Regardless, here is a question you have to ask yourself. If your wife happens to be a very toxic person who does not respect your feelings, emotions or well beings while she is impulsive and has no compunction painting you as the bad guy - and just hypothetically say that this is the immutable reality and there is nothing you can do to change her - what would you like to do going forward?
Yes. She definitely is.
I just went and told her that I absolutely was not taking on another dog and that it was not right of her to tell the kids that we were. To which she said "mmhmm." I then said I also don't understand why someone would buy a dog then decide they're going to travel a lot and not want the dog. To which she started "THEY'RE GOOD PEOPLE" .... which I said I'm happy for us to find a home for the dog. Then she said she'd just take the dog and I'll take our dog. So I told her if that's what she wants to do, if she wants to make it her full responsibility, fine. Otherwise, I'm moving out and she can take on all responsibilites.
I feel like I'm in the freaking twilight zone.
Like this is absolutely bat shit crazy. We can't even pay our bills. Yet we're going to take on another responsibility.
Are you referring to bpd, fren?
yes. I've researched it heavily in the past.
If you want to discuss our just want someone to listen feel free to DM me
I appreciate that. I'd love to but I dont know how to send a message, I dont see that option
Also, I'm not sure man. I don't know what I want to do going forward. I want to raise my youngest. But she threw another curveball at me a week ago by saying she wants to move six hours away. And I don't want to move. I have no interest in moving. Yet this is somehow solidified now as she keeps saying to the kids "well, when we move, xyz". I want to be with them but I don't want to go there. I don't know anymore what to do with my life. Everything around me is crumbling.
Sometimes the dog adopts you. Maybe......you get to name it.
Well what if you said okay sure, take the dog in, but I'm not the responsible party in any way, now or in the future when you're able to go your separate ways?
You need to know when to fold them. She and the kids are holding too many emotional cards.
Sorry bro. I can't make sense of something that doesn't make sense. I think that this bible verse and commentary may be helpful. It was helpful for me when I was going through a similar situation.
Proverbs 21:9 https://connectusfund.org/proverbs-21-9-meaning-of-better-to-live-on-a-corner-of-the-roof
Tell her if she insists on ignoring you then you will move out and let her handle all the household responsibilities.
My brother is in this same situation and he has been miserable to sickness the last ten years.
What kids I thought you said you only had one daughter who is autistic.
yes, and I have a 21 year old step daughter who lives with us.

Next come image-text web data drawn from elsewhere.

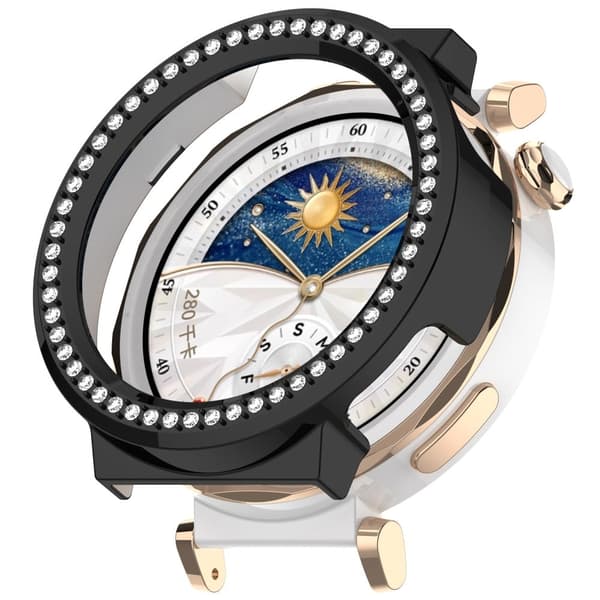 Huawei Watch GT 5 Pro 42mm Bumpresistent Case Rhinestone Decor Smartwatch Cover - Sort Black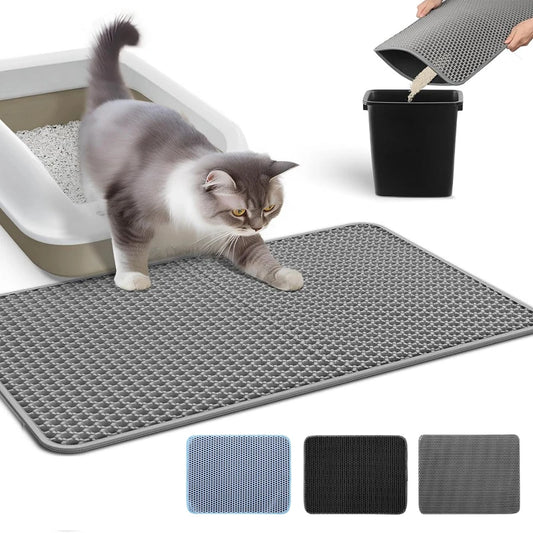 🐱 Cat Litter Mat Double Layer – Αδιάβροχο Αντιολισθητικό Χαλάκι Συλλογής Άμμου & Ούρων για Γάτες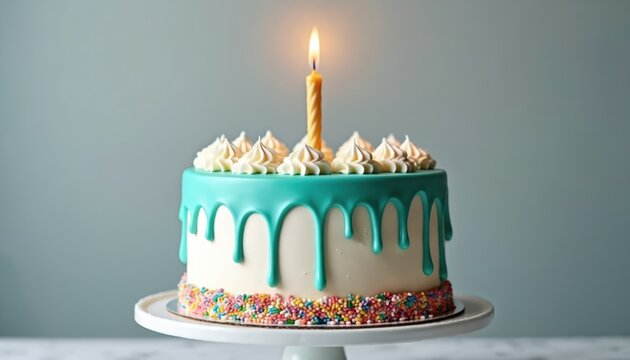 Festive cake on stand has teal icing drip and sprinkles. Burning candle. Sweet dessert for birthday party one year anniversary celebration food treat confection sugary goodness.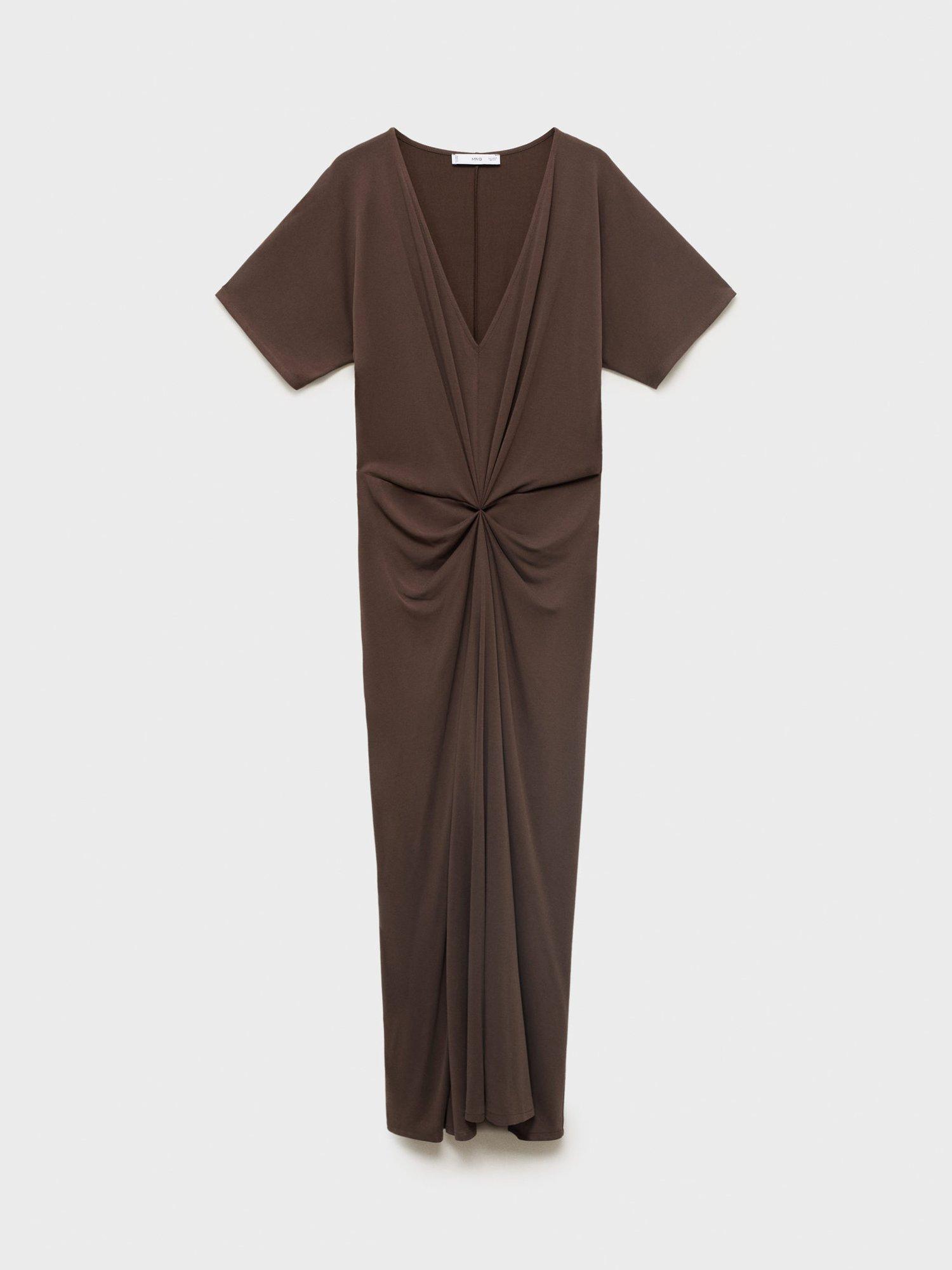 Product image 3 of 8, which shows Mango Ricarda V-Neck Gathered Dress, Brown, 8
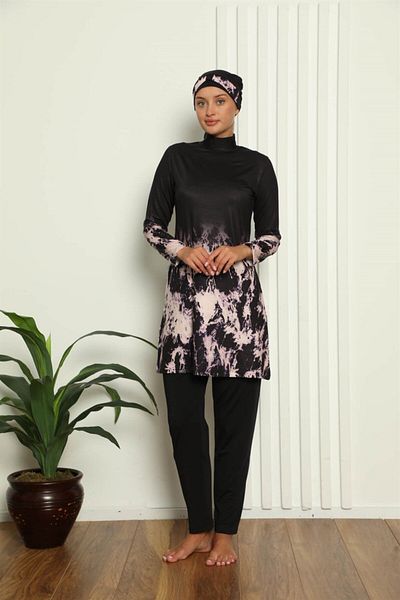 Akbeniz Ψηφιακό σχέδιο Full Hijab μαγιό - 31051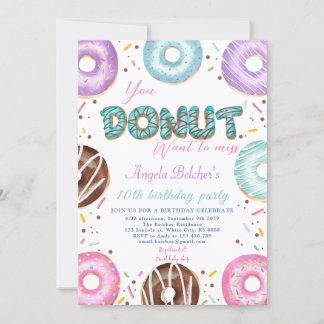 Convites Rosquinha Doce Aniversário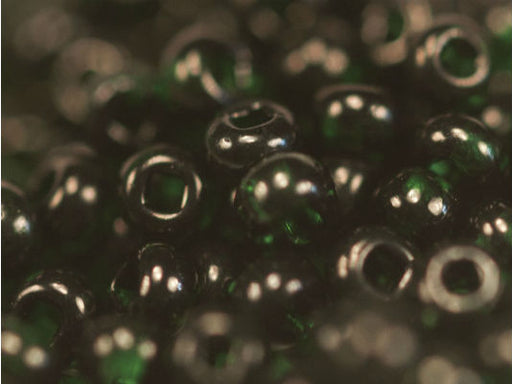 20 g 11/0 Seed Beads Preciosa Ornela, Dark Green Transparent, Square Hole, Czech Glass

She's in and out as she stays with her boyfriend half the time.
Any family members that are nearby that would let you and your daughter live with them for awhile? Even far away? Maybe the wife needs a taste of what living without you being there to take care of everything would be like.
DUDE! Honest advice here... Change your name and move to Albuquerque.
Just say “no”. Don’t be so concerned about looking like the “bad guy” - eventually, the kids will understand who the real bad guy is in the family. Stand up to your wife - you might find that it earns her respect. And if it doesn’t, and she threatens you with divorce (again), you’ll more than likely lose what you shouldn’t have had in the first place.
You really need to read the bible again because you are confused. Husband and wife are supposed to submit to each other. Its not just one way as you are saying. God would not be pleased with you at all.
Proverbs 21:9 This has always been an issue fren.